I'm looking to join two tables with Apache Sedona (formerly GeoSpark) and getting unexpected differences between two approaches. In particular ST_Distance seems to produce some strange results, and I can't figure out if it's an issue with Sedona or (more likely) something about the way I'm using the function.
I'm trying to join where the objects are less than 5m apart from each other.
Approach one (using a buffer alongside intersects)
SELECT
MAX(ST_Distance(left.geometry, right.geometry)
FROM
left
INNER JOIN
right
ON ST_INTERSECTS(left.geometry, ST_BUFFER(right.geometry, 5))
This produces an expected result (i.e. the biggest distance between any of these objects is about 5)

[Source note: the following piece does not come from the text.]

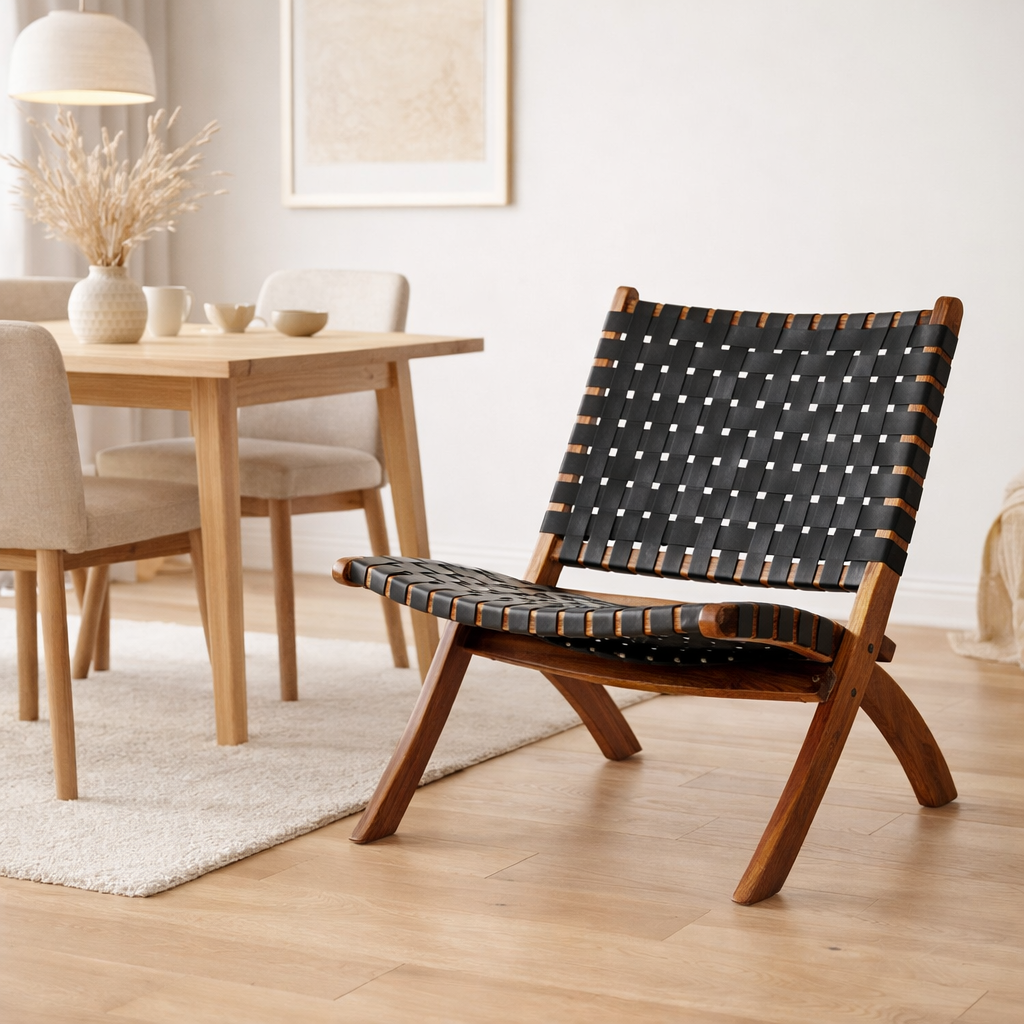 Chaise Pliante Perugia - Bois de Teck, Cuir, Noir - 66x74x73 cm en situation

Approach two (using an evaluation of distance)
SELECT
MAX(ST_Distance(left.geometry, right.geometry)
FROM
left
INNER JOIN
right
ON ST_DISTANCE(left.geometry, right.geometry) < 5
This returns a big number of about 400 which seems wrong.
To me, it seems like the results of the two queries should be more or less identical, especially as the latter looks like the Apache Documentation recommends it.
Is there a reason why these two queries should evaluate differently? What have I missed about the nature of these functions, or is this really a problem with Sedona?